None of that pertains in this novel, which serves more as a soapbox from which Child preaches his own political views, views which seem to conflict with those we've come to associate with Reacher himself. In this book, Reacher -- himself a former career Army MP officer -- has suddenly become anti-military and anti-war. Jangling and disconcerting, to say the least.

Further, there's no clarity to the story itself. The people of the town of Despair act in unbelievable concert, and their motivation for doing so is never explained in the book. They're almost like the zombies in "Night of the Living Dead".

The twin towns of Hope and Despair seem to exist in a void in the landscape, isolated physically and -- apparently -- functionally from the rest of the state. The few residents of Hope whom we meet in the book all seem to know something bad is going on in Despair, but no one -- including the cops -- does anything about it. Not the cops, not the people; no one even bothers to notify the state authorities, evidently. It's as if this little part of Colorado exists in a vacuum. Very Twilight Zone.

As far as execution, there's a lot of Reacher going back and forth between Hope and Despair -- how metaphorical, I'm sure -- and it's boring, frankly. Further, the "science" of some of the aspects of the book is just plain wrong, as is Child's description of some aspects of US Army organization -- a flaw you'd think Child would be able to avoid with a little basic research, which you'd think he'd have done if his central character's an ex-Army officer.

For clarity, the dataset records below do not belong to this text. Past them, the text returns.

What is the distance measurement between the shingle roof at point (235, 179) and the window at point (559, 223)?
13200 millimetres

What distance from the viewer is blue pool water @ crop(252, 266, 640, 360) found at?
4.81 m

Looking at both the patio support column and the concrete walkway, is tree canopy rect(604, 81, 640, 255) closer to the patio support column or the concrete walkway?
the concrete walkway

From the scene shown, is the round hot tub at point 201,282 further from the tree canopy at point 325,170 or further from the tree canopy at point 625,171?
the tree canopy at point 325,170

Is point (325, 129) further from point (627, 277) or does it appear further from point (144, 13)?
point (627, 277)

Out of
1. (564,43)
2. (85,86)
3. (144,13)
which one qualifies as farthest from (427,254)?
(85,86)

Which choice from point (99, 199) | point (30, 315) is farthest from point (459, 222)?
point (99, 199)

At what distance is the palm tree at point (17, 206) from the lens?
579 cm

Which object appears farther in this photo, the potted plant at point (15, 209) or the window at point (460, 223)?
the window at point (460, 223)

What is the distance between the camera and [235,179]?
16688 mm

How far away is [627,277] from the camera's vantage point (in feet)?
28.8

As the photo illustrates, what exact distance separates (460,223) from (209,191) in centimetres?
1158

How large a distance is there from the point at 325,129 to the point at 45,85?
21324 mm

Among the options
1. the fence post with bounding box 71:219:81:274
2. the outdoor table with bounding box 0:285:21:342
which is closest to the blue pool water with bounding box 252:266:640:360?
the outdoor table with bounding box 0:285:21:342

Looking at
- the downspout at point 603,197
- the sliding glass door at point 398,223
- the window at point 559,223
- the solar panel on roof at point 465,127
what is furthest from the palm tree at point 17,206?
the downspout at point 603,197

The success of the Reacher novels in the past has been somewhat formulaic, but it's an appealing formula: Reacher stumbles onto a situation in which an innocent is being victimized by an evil person. They're stories about justice ultimately prevailing, but they're also, at their core, small stories. This is appropriate and believable for a Lone Ranger-type figure like Jack Reacher.

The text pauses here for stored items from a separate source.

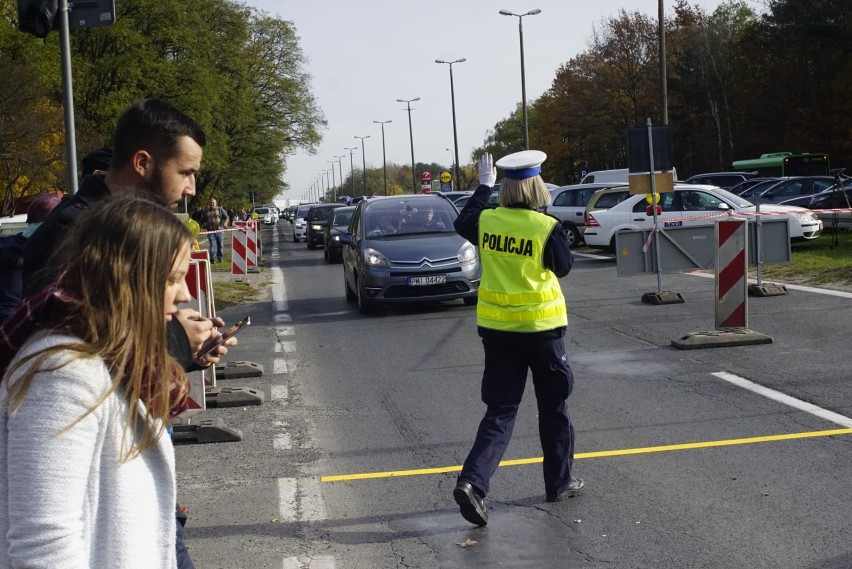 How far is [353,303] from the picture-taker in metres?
17.9

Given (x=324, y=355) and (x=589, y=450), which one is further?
(x=324, y=355)

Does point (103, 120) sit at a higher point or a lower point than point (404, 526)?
higher

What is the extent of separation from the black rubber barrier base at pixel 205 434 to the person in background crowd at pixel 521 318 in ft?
8.76

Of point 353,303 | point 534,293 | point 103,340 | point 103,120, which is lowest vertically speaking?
point 353,303

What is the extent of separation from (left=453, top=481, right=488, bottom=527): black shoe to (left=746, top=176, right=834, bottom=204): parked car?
27.7 meters

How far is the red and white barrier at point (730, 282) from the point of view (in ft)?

In this book Child is trying to have Reacher take on an entire system, and it doesn't wash at all. A bad case of over-Reaching (sorry; I couldn't help myself).



2 out of 5 stars His slip is showing   June 4, 2008
 31 out of 43 found this review helpful

Not his best, alas, and it's hard to explain what's wrong without spoiling some of the plot points, but I'll try. There were hints in past novels that author Lee Child is anti-military, despite all his military plotlines. In this latest, his slip is showing big time. The good guys are folks who are really fed up with the military. The bad guys are active military, and even worse military contractors, and finally, the worst of all possible villains: Christians. Fundamentalist Christians.

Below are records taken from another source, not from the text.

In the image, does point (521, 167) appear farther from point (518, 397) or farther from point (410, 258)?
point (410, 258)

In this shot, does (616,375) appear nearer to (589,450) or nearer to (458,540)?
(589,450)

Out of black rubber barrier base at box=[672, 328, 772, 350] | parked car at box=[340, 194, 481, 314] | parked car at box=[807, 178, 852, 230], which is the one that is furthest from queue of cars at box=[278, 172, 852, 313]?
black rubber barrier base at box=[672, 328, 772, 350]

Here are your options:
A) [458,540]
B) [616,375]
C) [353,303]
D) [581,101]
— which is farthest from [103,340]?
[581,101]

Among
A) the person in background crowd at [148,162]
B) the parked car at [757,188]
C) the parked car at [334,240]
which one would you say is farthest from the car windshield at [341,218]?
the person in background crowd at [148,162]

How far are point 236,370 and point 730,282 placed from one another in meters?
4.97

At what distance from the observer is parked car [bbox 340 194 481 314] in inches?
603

Can anyone guess the intended victims of the Christians? (Not a spoiler; it barely registers in the plot).

Canadians are singled out for particular praise because they were smart enough not to fight in Iraq. And real American soldiers are opposed to the war in Iraq too because they're smart enough to see through the BS - just ask 'em, any one of 'em. There's also a gratuitous horrors-of-war subplot which owes a substantial debt to Dalton Trumbo's "Johnny Got His Gun", if anyone still remembers that fine piece of propaganda.

The protagonist Jack Reacher has suddenly acquired an encyclopedic knowledge of Holy Scripture, which he quotes literally chapter and verse whenever it comes in handy, and specifically to put down fundamentalists who "cherrypick" the Bible to support their own agenda. Kind of hard to swallow from our avowedly atheist action hero.

The main plot point is invalid as a matter of physics, and of medicine, but it is a very popular stalking horse of environmentalists and anti-war activists. Similar stuff has been bubbling beneath the surface throughout the series, but this time Lee Child just couldn't stifle the politics. Well, I don't need politics in a Reacher novel, and I'll bet you don't either. Overall the series is still excellent, but don't start with this one or you'll be disappointed.